Australian Joint Terminal Attack Controller patches 2006 – 2019. Whilst not exclusively Special Forces (the 5 week course trains personnel from all three branches of the ADF), like most contemporary Australian insignia, these JTAC patches have been extensively faked to supply the collectors market. These four patches are examples of original insignia requested for wear by the end users. Collection: Julian Tennant
Combat Controllers from No. 4 Squadron based at RAAF Base Williamtown practice close air support serials with PC-21 aircraft during Exercise Havoc Strike. Combat Control Teams (CCT) from No. 4 Squadron participated in Exercise Havoc Strike from 25 May – 12 June 2020 near Buladelah, New South Wales. Havoc Strike is a tactical level exercise in support of No. 4 Squadron combat control Mission Specific Training objectives. The training concentrates on preparing Combat Control Teams for the application of Close Air Support, Rules of Engagement and Laws of Armed Conflict. The exercise has two phases; a theory phase, conducted at RAAF Williamtown, NSW, followed by a practical close air support phase in a training area near the town of Bulahdelah, NSW. Photo: Department of Defence
A Combat Control Team (CCT) member briefs the Offensive Air Support (OAS) plan to aircrew for a Close Air Support (CAS) mission as part of Exercise FARU SUMU 01-2012. Combat Controllers are essential for the successful integration of OAS to maximise available combat power and focus its effects in order to support the Commander’s plan. Mid Caption: One hundred and forty Royal Australian Air Force (RAAF) personnel are in the Northern Territory, to participate in Exercise FARU SUMU 01-2012. Ten F/A-18F Super Hornets from RAAF Amberley’s No. 6 Squadron and Combat Control Team (CCT) personnel from RAAF Williamtown’s No 4 Squadron are participating in this exercise for the first time from 11-29 March 2012. Exercise FARU SUMU is used by the 6 Squadron instructional staff to test and evaluate the structure and format of the exercise to ensure the desired learning outcomes can be achieved on future FARU SUMU exercises with the new F/A-18F Super Hornets. Exercise FARU SUMU is conducted out of RAAF Darwin, Tindal and Delamere Weapons Range. Photo: LACW Kylie Gibson (ADF)

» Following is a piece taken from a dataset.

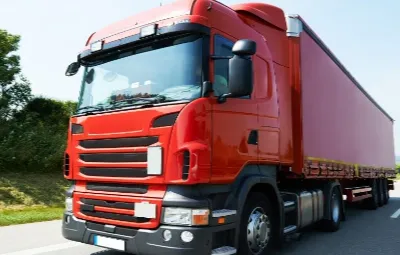 Ankara Boğazlıyan Ambar Kargo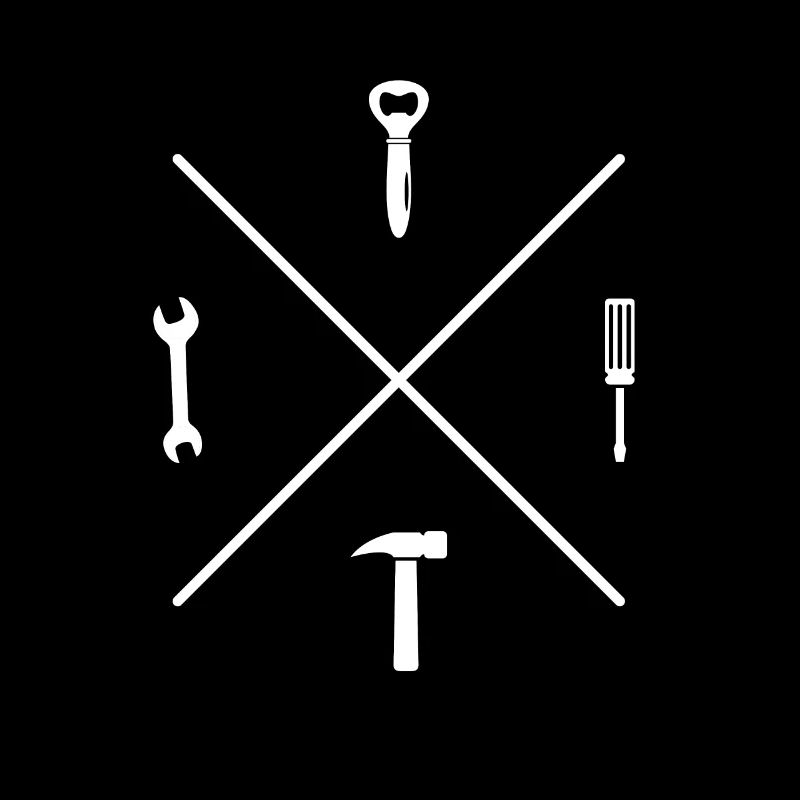 Handwerker | Werkzeug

Between 2008 and 2009, three intakes completed initial training and four members were deployed with the Special Operations Task Group (SOTG). This resulted in the ‘Combat Controller’ mustering (RAAF terminology for ‘trade’) and Air Surface Integration officer stream being created in 2012 and the CCT role declared an Initial Operating Capability.
RAAF Combat Controller Team member. Note the distinctive CCT qualification patch on his chest. Photo: Department of Defence.
A Combat Controller from No. 4 Squadron calls in close air support from a PC-21 during Exercise Havoc Strike 2020. Note the 4 Squadron patch on his right shoulder. Photo: Corporal Craig Barrett (Australian Defence Force)
A Royal Australian Air Force No. 4 Squadron Combat Controller frees a quad bike from its pallet after a parachute insertion into the Mosquito Flats Drop Zone in the Bradshaw Field Training Area during Exercise Diamond Storm 2019. Note the CCT patch on his right shoulder and helmet ANF. Photo: Department of Defence.
A Combat Controller from No. 4 Squadron Combat Control Team conducts an airfield survey on a dry lake bed in the Nevada Test and Training Range. Photo: Department of Defence
Royal Australian Air Force Combat Control Team personnel parachute into Batchelor Airfield in the Northern Territory during Exercise Pitch Black 2018. Photo: Department of Defence
Selection to become a combat controller is open to any member of the Australian Defence Force (ADF). Volunteers first complete an 8 week CCT intake course which provides ground skills training and prepares them for the Special Forces Entry Test (SFET). Those who pass the SFET must then undertake around 18 months of testing and training in which they are required to complete the commando reinforcement cycle, JTAC, aviation meteorology, assault zone reconnaissance and air weapons delivery courses.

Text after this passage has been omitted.